I did not even care that it wasn't true at this point, I just wanted them to stop destroying, ruining, breaking, ripping, hiding, lying and tormenting for five fucking minutes. It worked. For exactly five minutes. By the end of the day they had a visit from the Anti-Claus and I took every last toy away from them and shoved it in a garbage bag. They're slowly earning them back through daily chores. Lots, and lots, and lots of chores. They've washed, dried, folded and put away all the laundry in the house for the last 5 days; magic eraser'd all the walls that they drew on with permanent markers, scrubbed the bathroom floor where they ground dirt into it, had to make their beds once a day and immediately stop what they're doing and go back and do it again if they pull the sheets off and throw them outside and/or try to rip them up, they have to feed the cats and change the litterbox, clean the tub since they are fond of walking around outside barefoot and tracking their filthy feet into the house and then dancing in the tub so it's covered with shit… the list goes on. I'm so fucking pissed at them I can barely contain it, and this is the safest outlet.
You know, outside of hitting them with sticks.

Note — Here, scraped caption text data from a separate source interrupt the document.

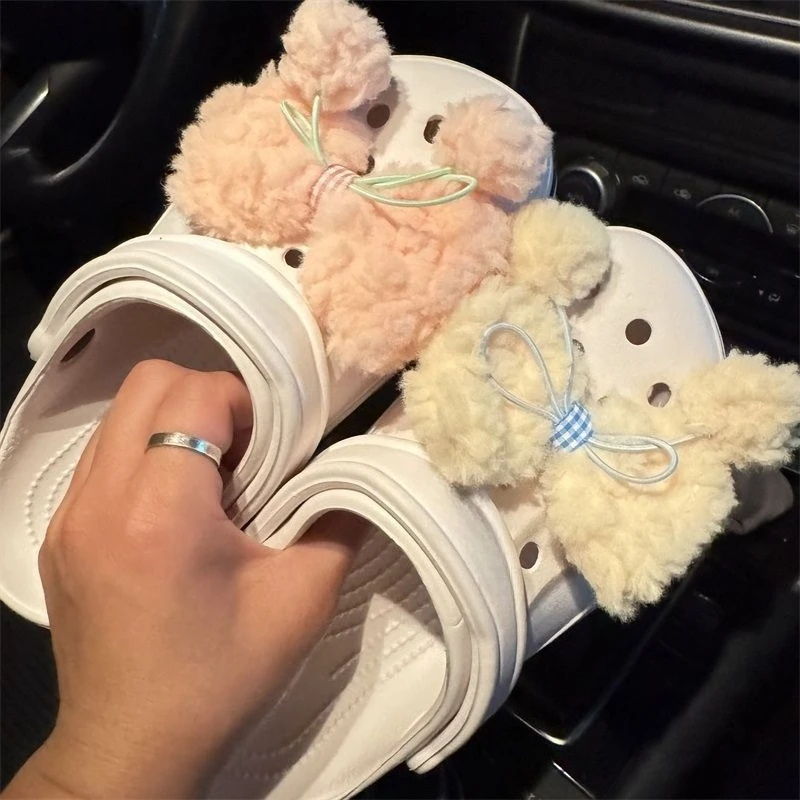 

Cute Plush Bow Knot Shoe Charms for Clogs Fashion Lovely Bow Clogs Accessories Luxury All-match Elegant Shoe Decorations Quality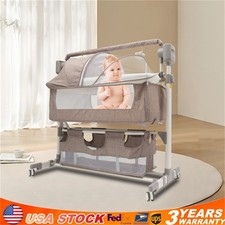 Adjustable Smart Baby Bassinet Height Bedside Music Cradle Baby Bed Crib 20kg US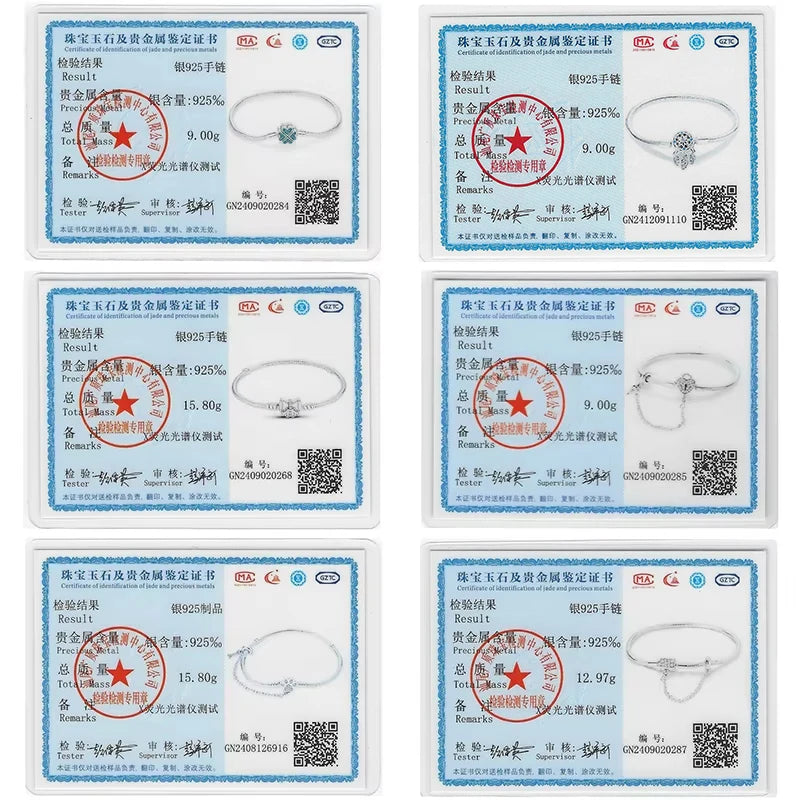 سوار فضة عيار 925 أصلي بطول 17-20 سم على شكل نجمة وقمر وشمس وأوراق برسيم خضراء وأساور من الزركون تناسب صنعها بنفسك وهدايا أعياد الميلاد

We bought Tempest an alarm clock with a really hideous buzzer so she'd be forced to get up for school in the morning since she'd have to climb out of bed in order to stop the noise. It does have a radio setting as well, which proved to be more effective.
We culled down their clothes to a much more acceptable ten outfits (plus clothes and dress-up) and bought them their own cat-proof laundry hamper (as the cats will piss in dirty, smelly clothes piled up on the floor in protest of us keeping a dirty home) so they will be in charge of doing all their laundry from this point forward. This is in hopes of preventing the bullshit of them hiding their clothes to avoid putting them way, and shoving dirty clothes in random corners of the house where they rot and mold for days or weeks before we find them.
We're also working on introducing a new "I'm working for" motivation schedule where daily and weekly chores are outlined along with a reward they can choose when they're completed. Daily chore rewards are things like computer or TV time. Bigger chores earn stars, or points, and can eventually be traded for much more interesting rewards like a day at the movies or a new game if they rack up enough.
On top of that, we're drawing up social stories (a task translated through pictures) that we're going to frame and put in helpful places around the house to remind them of menial tasks, like how to brush their teeth, when and how to wash their hands, and how to remember to take their fucking lunch boxes out of their damn backpacks when they come home from school.

Fuck dude, sometimes this parenting shit is hard.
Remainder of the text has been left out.